The World Cup in 2026 will be divided into 12 groups of four teams.
The expanded 2026 men’s World Cup in North America will begin with 12 groups of four teams, rather than the original planned format of 16 groups of three, FIFA announced on Tuesday.
The next World Cup, which will be held in the United States, Canada, and Mexico, will feature 48 teams, up from 32 in last year’s tournament in Qatar.
“The revised format reduces the risk of collusion and ensures that all teams play at least three matches while providing balanced rest time between competing teams,” FIFA explained.
It means that there will be 104 matches, a significant increase over the 64 games played in the 2022 tournament, and an increase even greater than that.
FIFA’s initial plan for 2026 called for 16 groups of three teams, with the top two countries advancing to the final 32.
The top two teams from each group, as well as the eight best third-placed teams, will advance to the knockout round under the new format.
As a result, the finalists, as well as the third and fourth-place teams, will play eight games instead of the current seven.

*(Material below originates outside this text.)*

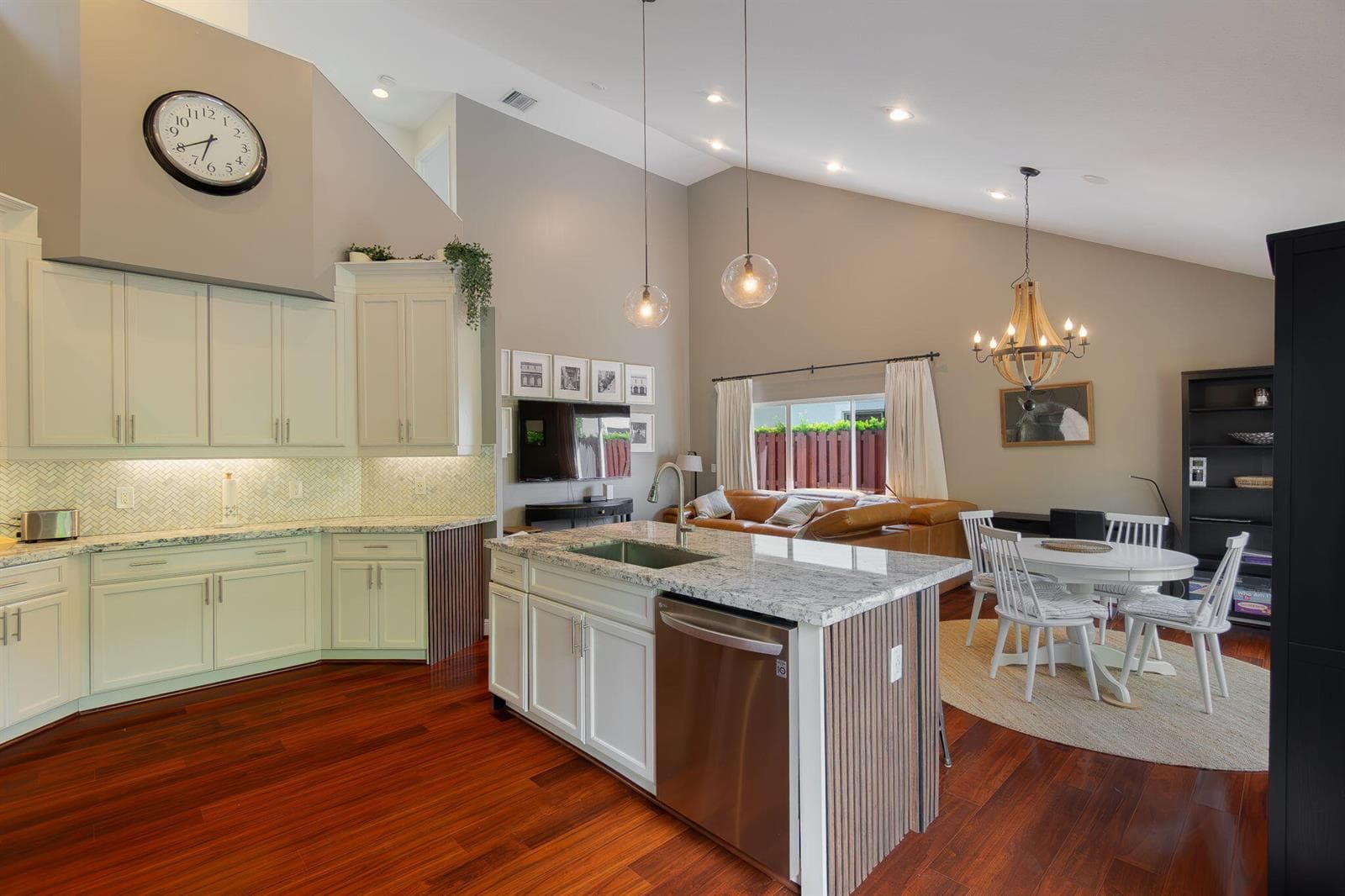 21-web-or-mls-DSC01638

The decision follows a dramatic and entertaining group stage at the tournament in Qatar, which convinced FIFA that a change to its original 2026 plan was required.
“Until the last minute of the last match, the groups of four were absolutely incredible,” FIFA president Gianni Infantino said in December.
According to FIFA, the total number of days between when clubs must stop playing and release players for international duty and the final will be 56, which is the same as the previous three tournaments.
Nonetheless, the World Cup may be held over a longer period of time, following Qatar 2022, which lasted only 29 days.